Sivonie roomed in the Keep’s servant quarters that week, because of the hours needed on some important project. So Maraga took the parchment envelope and the silver up the next morning.

As inheritance, the coinage seemed little worthy of lawyers and magistrates. The unfolded envelope was blank, lacking even a message.

“A grand‑da? In Kaspaterre?” Sivonie asked, drooping. She’d been holding out for a treasure map. A magical quest out of Haptin’s tales. Possibly, an enchanted needle to bolster the little magics she’d slowly learned to sew into her work. Anything beyond Kytheu’s confines!

“I knew it,” said Maraga. “That messenger must have been a thief all along  I’ll have the watch out looking for him, Sivvie, to get the rest of your money.”

#

After moonrise, Talai stood again on the highest balcony. Kytheu’s fan-shaped sprawl was evening-blue now, spangled with amber lamps and silver canals. Distinct noises lifted like air bubbles rising from underwater moss: love songs and arguments, cart-wheels bouncing on cobbles, pots clanging, dogs barking, ship’s whistles, and the hourly skirmish when two dozen merchant-family bells clanged the time with different music.

A shadow made of dark blue cloth waited until Talai moved away from the edge, before clearing its throat.

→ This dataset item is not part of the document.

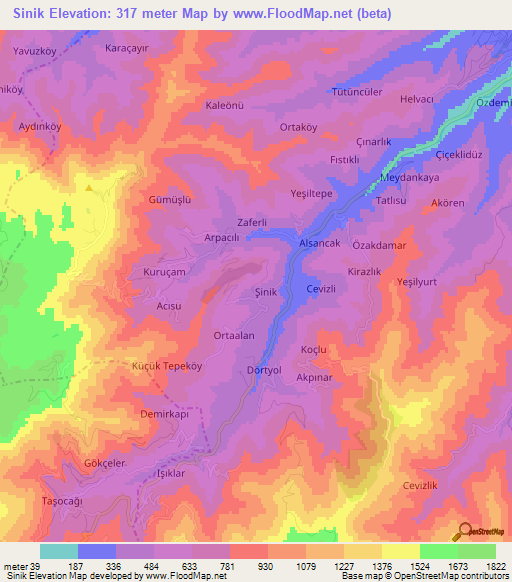 Sinik,Turkey Elevation Map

Talai pinned the shadow to a pool of torchlight, and ripped away his face‑veil. Framed in short-cut black hair, pale features grinned up at her.

“General Josen?”

“No, I’m the Old Man of the Channel, come to rescue his exiled Southbanker children,” snorted the man. “Let me up, Tai. That kraken’s hold of yours is still brutal. I’m no general anymore, and not as young as I used to be.”

“Ha,” said Talai. She grimaced as her own knees popped and cracked. “What in the ancestors’ names are you doing here?”

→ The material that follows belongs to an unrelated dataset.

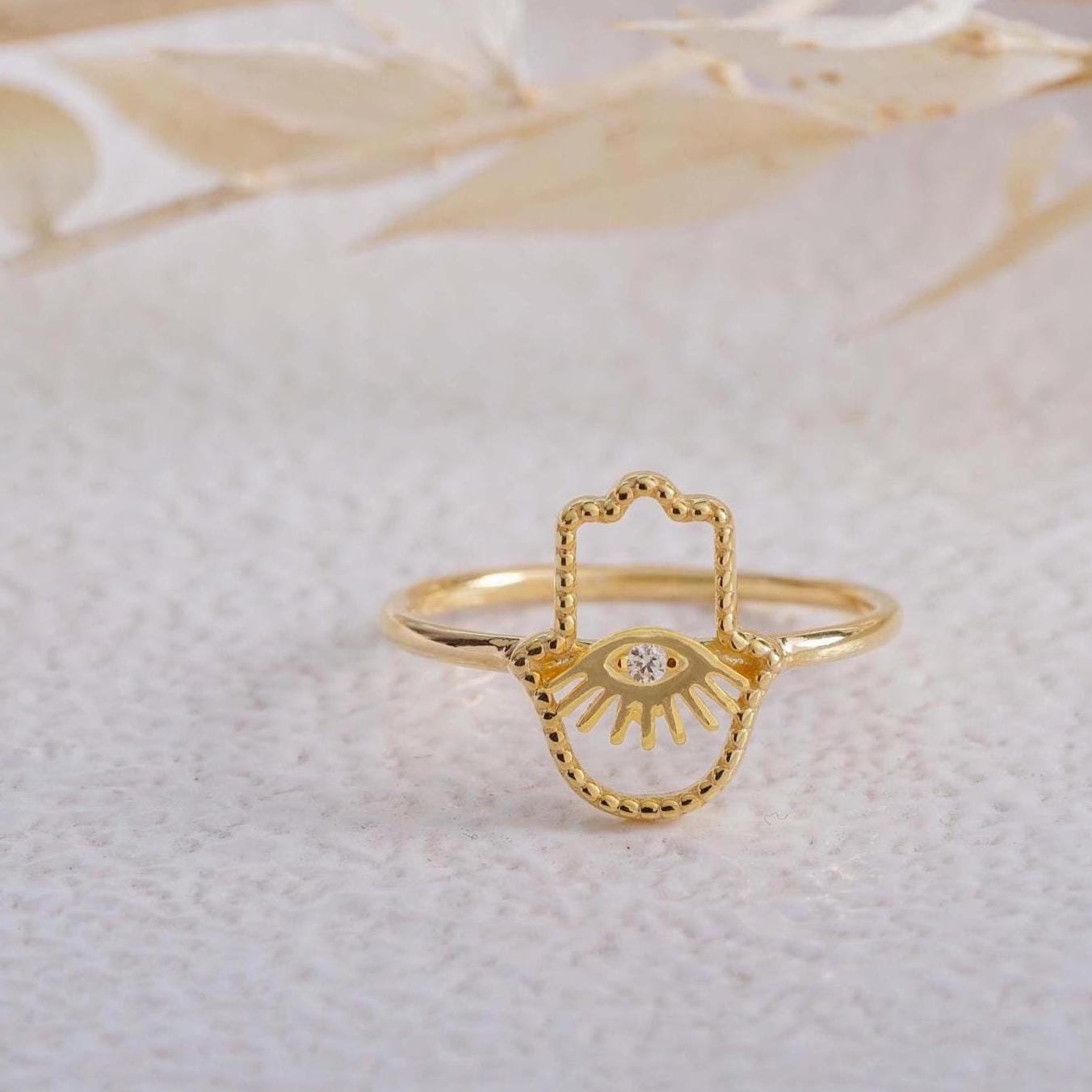 14K Solid Gold Hamsa Ring: Dainty Evil Eye Protection Jewelry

“Looking for you.” Josen shrugged out of his stalking mantle and smoothed out his blue silk tunic. “Unofficially.”

Talai looked at the visible part of his sword, smothering a laugh. “What is that, a strolling player’s prop? You can’t fight with it.”

“Look closer, Tai.”

“I did. It’ll lose its hilt in a strong breeze.”

“Not fit for a Queen?”

“Josen, please. The Hawk-Queen of Kytheu had some debt to my father. She helped patch me up. I didn’t know she was going to proclaim me heir! For twenty years, I’ve put on faces that I didn’t feel for these people.”

Josen leaned against the tower wall. “At least you’ve had a home these twenty years. I’ve been a freebooter. And I’ve learned something: boots aren’t free. Neither are weapons, food, a roof, and a doctor when something goes wrong. How goes the subversion of Kytheu Commonwealth’s treasury?”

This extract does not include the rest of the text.